*The problem*.
Print a faithful copy of the data below, word for word, with the pictures left out.

*Dataset records*.
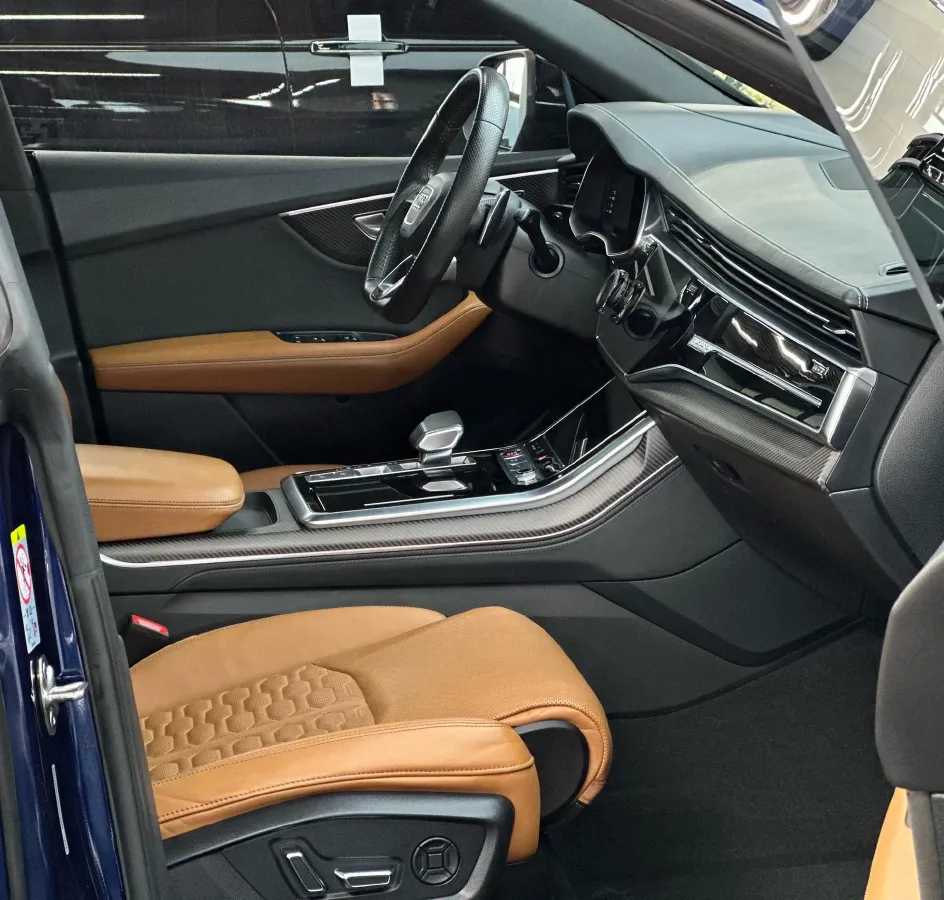 2021 Audi RS Q8 4.0T 600HP V8 8AT,autocango,china used car exporter,china ev exporter,chinese used car exporter,chinese used ev exporter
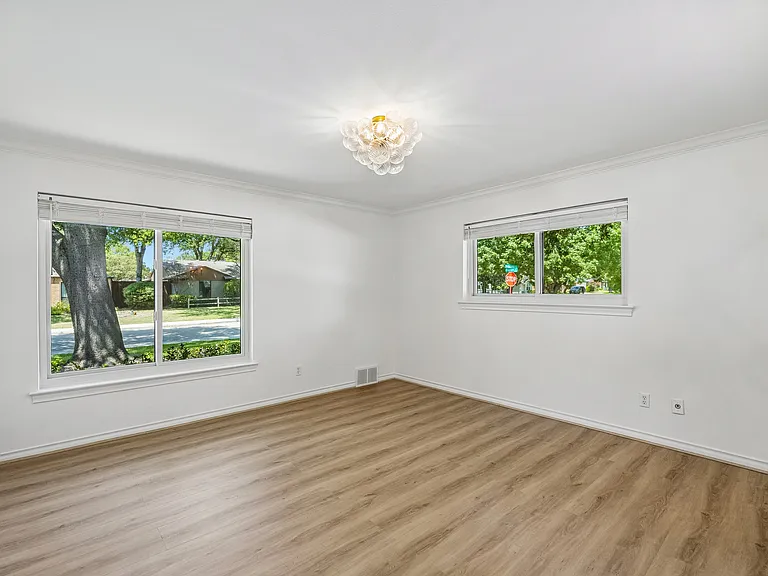 3566 Princess Ln — Photo 16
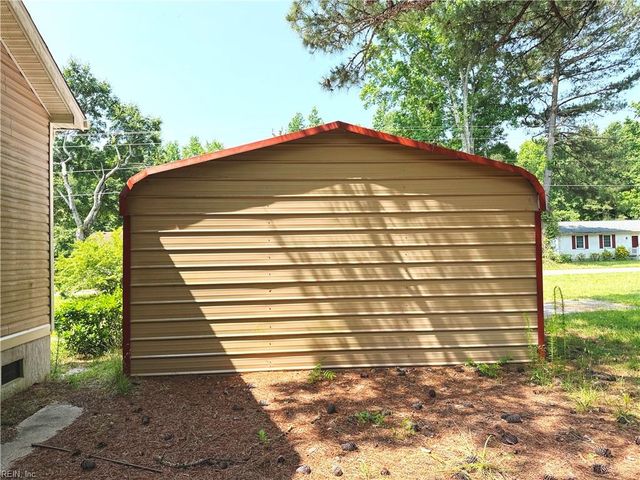 4371 Providence RD, Hayes, VA 23072
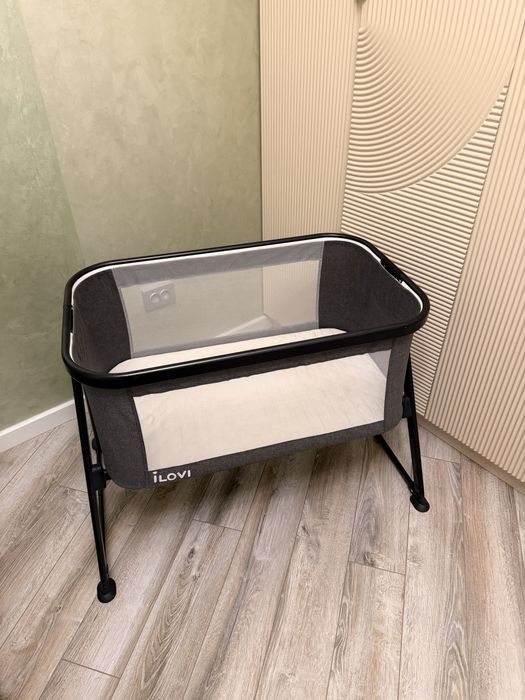 Кроватка детская очень легкая и удобная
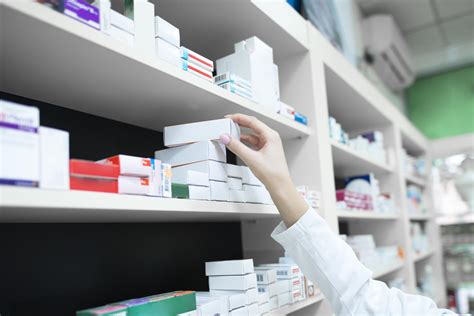 Stocking Pharmacy Shelves: What to Know - PP Healthcare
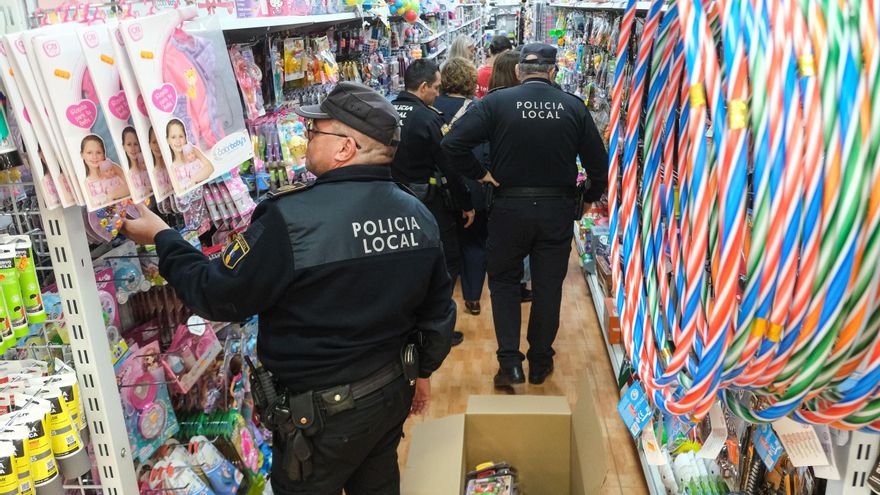 La Policía Local busca artículos de Navidad sin homologar y peligrosos en tiendas multimarca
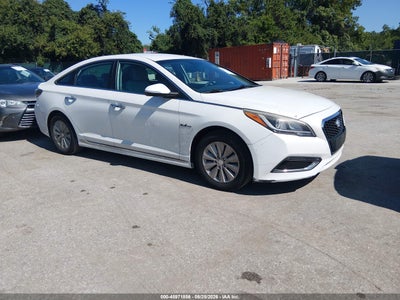 KMHE24L12GA****** · 2016 HYUNDAI SONATA HYBRID SE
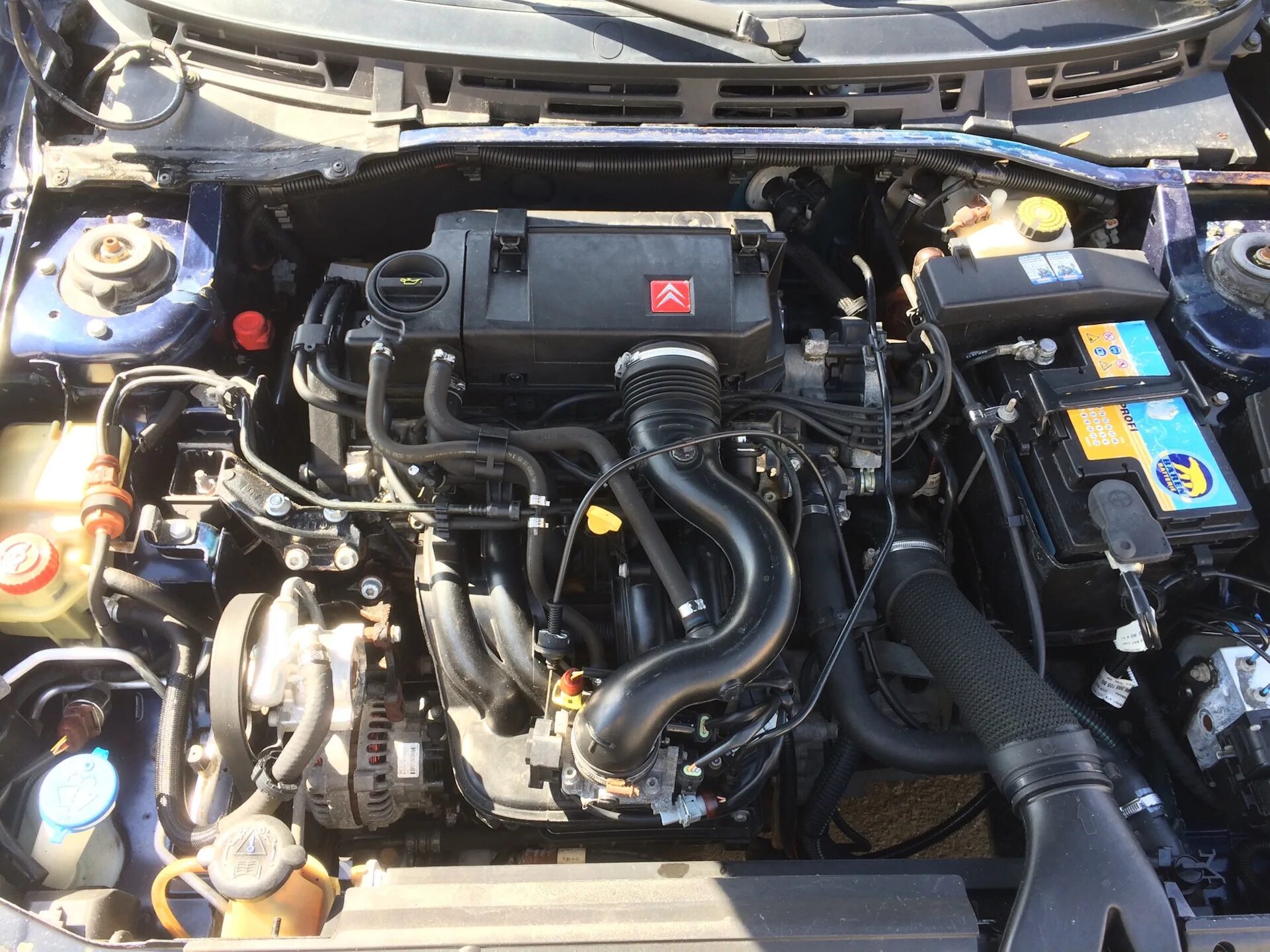 Ситроен ксара пикассо 1. Двигатель пежо 406 1. Двигатель пежо 1. Ситроен с5 двигатель 1. 8.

*Solution for this exercise*.
 2021 Audi RS Q8 4.0T 600HP V8 8AT,autocango,china used car exporter,china ev exporter,chinese used car exporter,chinese used ev exporter
 3566 Princess Ln — Photo 16
 4371 Providence RD, Hayes, VA 23072
 Кроватка детская очень легкая и удобная
 Stocking Pharmacy Shelves: What to Know - PP Healthcare
 La Policía Local busca artículos de Navidad sin homologar y peligrosos en tiendas multimarca
 KMHE24L12GA****** · 2016 HYUNDAI SONATA HYBRID SE
 Ситроен ксара пикассо 1. Двигатель пежо 406 1. Двигатель пежо 1. Ситроен с5 двигатель 1. 8.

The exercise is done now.